Prior to filming, Clarkson's contract was not renewed by the BBC after he was involved in an altercation with a Top Gear producer in March 2015, leaving Hammond, May, and Wilman to follow him in departing the show following the end of the series. Later in 2015, they signed a deal with Amazon to create an original series. Filming for the introduction and tent scenes took place in Los Angeles, California in September 2016. The episode features the trio introducing the new bits of the show, as well as their film.
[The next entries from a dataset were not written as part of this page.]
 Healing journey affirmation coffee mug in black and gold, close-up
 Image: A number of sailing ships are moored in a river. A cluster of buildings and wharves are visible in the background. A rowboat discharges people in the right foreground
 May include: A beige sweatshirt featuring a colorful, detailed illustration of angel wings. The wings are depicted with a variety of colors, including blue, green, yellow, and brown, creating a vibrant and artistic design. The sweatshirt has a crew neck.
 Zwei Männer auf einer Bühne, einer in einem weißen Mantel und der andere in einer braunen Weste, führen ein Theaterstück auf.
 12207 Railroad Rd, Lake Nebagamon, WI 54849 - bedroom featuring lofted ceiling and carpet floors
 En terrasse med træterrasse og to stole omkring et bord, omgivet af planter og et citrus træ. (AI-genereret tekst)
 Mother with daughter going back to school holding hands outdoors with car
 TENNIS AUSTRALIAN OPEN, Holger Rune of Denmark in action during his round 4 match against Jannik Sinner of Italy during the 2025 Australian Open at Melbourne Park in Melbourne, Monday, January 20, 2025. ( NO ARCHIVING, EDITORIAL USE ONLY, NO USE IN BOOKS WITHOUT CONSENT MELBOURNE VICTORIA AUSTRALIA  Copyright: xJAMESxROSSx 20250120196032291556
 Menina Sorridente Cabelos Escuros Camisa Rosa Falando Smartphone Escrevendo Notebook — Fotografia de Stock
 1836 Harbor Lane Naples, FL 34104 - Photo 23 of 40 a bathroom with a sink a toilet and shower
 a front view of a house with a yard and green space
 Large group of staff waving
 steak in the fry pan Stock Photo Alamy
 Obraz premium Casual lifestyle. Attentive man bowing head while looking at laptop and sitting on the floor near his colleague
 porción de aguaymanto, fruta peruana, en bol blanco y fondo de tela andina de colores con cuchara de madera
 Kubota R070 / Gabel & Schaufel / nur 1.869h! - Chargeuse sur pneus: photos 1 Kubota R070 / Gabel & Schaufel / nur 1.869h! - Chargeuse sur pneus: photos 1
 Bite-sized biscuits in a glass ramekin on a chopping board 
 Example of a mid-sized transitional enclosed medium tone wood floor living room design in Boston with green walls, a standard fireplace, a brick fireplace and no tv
For the film, the trio traveled in three supercars to the Algarve International Circuit in Portugal, where they had timed laps performed by race car driver Jérôme d'Ambrosio.

The episode received very positive reviews from critics upon its release. Critics noted similarities between the episode and Top Gear in their reviews. It attracted nearly two million viewers in its first weekend of release and was eventually made available to non-Amazon Prime members for free viewing from 23 to 26 December 2016.

==Summary==
Clarkson, Hammond and May launch their new series with a film showing Clarkson leaving London to fly to Los Angeles where he meets Hammond and May (both of whom, along with Andy Wilman, left Top Gear to stick with Clarkson). Irish rock band Hothouse Flowers plays "I Can See Clearly Now" as the trio drive modified Ford Mustangs (Clarkson in blue, Hammond in red, and May in white) through the California desert to Rabbit Dry Lake, while being accompanied by a range of cars and a fly-over by the Breitling Jet Team. The trio greet the audience and viewers and also introduce the show's tent.

The film presented in the episode shows Clarkson, Hammond and May testing three hybrid hypercars; the McLaren P1, Porsche 918 and LaFerrari at the Algarve International Circuit in Portugal. After the first portion of the film, Clarkson, back at the tent, introduces the "Conversation Street" segment, where the trio talk about a speeding ticket that May received for driving a mere 37 mph (which to the trio is ironic as they had long nicknamed May as 'Captain Slow'). Then the show's new test track, the "Eboladrome" at RAF Wroughton, is revealed, where after a Ferrari 488 is driven, Clarkson test drives a BMW M2, which is then taken around the "Eboladrome" by their new driver, former NASCAR champion Mike Skinner (billed as 'The American' as their new show's equivalent to The Stig). Afterward, the "Celebrity Brain Crash" segment is introduced, featuring celebrities who are scheduled to appear on the show, but are all humorously "killed" before being able to take part. Jeremy Renner, Armie Hammer and Carol Vorderman all appear individually during this segment.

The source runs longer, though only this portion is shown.